US nuclear modernization also improved targeting to guarantee destruction of ICBMs in hardened silos

The US has implemented revolutionary new technologies as part of nuclear modernization. These will vastly increase the targeting capability of the US ballistic missile arsenal. This increase in capability is astonishing—boosting the overall killing power of existing US ballistic missile forces by a factor of roughly three—and it creates exactly what one would expect to see, if a nuclear-armed state were planning to have the capacity to fight and win a nuclear war by disarming enemies with a surprise first strike.

The US Navy has quietly added a new super-fuze to the warhead that dramatically increases the ability of the Navy to destroy hard targets in Russia and other adversaries.

The new super-fuze dramatically increases the capability of the W76 warhead to destroy hard targets, such as Russian ICBM silos.

They estimate that the super-fuze capability is now operational on all nuclear warheads deployed on the Navy’s Ohio-class ballistic missile submarines. The new fuze has also been installed on warheads on British SSBN.

“As a consequence, the US submarine force today is much more capable than it was previously against hardened targets such as Russian ICBM silos. A decade ago, only about 20 percent of US submarine warheads had hard-target kill capability; today they all do.”

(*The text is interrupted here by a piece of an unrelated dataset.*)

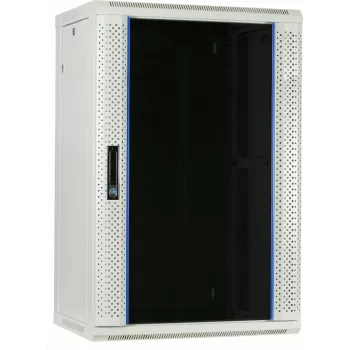 Caixa de servidor de montagem na parede DSIT DS6418W 18U com porta de vidro, 600x450x900 mm, branco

Before the invention of this new fuzing mechanism, even the most accurate ballistic missile warheads might not detonate close enough to targets hardened against nuclear attack to destroy them. But the new super-fuze is designed to destroy fixed targets by detonating above and around a target in a much more effective way. Warheads that would otherwise overfly a target and land too far away will now, because of the new fuzing system, detonate above the target.

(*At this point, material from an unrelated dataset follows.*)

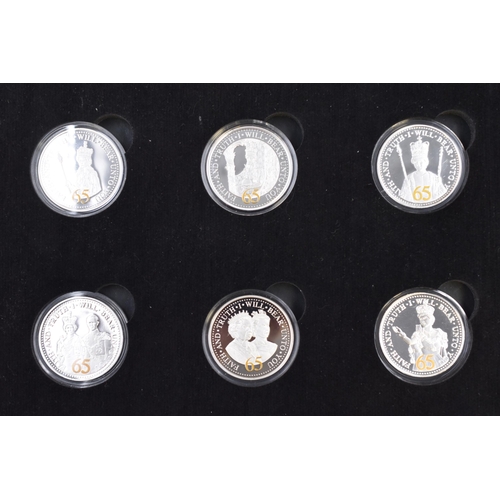 171 - A Set of Six Silver Plated Proof Queen Elizabeth Sapphire Jubilee Commemorative Coins, In Presentati...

The probability of destroying a fully hardened Russian target with the super-fuzed W76-1/Mk4A warhead atop an American submarine-launched ballistic missile is about 86 percent now versus 50% before.

The surprise to Nextbigfuture was that the land based silos had any survivability from a full nuclear launch. The general assumption that I had was that only the submarine part of the triad had survivability or the air based nukes if the planes could into the air during the first minutes of early warning.

According to the Federation of American Scientists, an organization that assesses nuclear weapon stockpiles, as of 2016, Russia possesses 7,300 total nuclear warheads, of which 1,790 are strategically operational. This is in large part due to the special bomber counting rules allowed by the treaty which counts each strategic nuclear bomber as one warhead irrespective of the number of warheads—gravity bombs and/or cruise missiles carried by the aircraft. The figures are, by necessity, only estimates because “the exact number of nuclear weapons in each country’s possession is a closely held national secret.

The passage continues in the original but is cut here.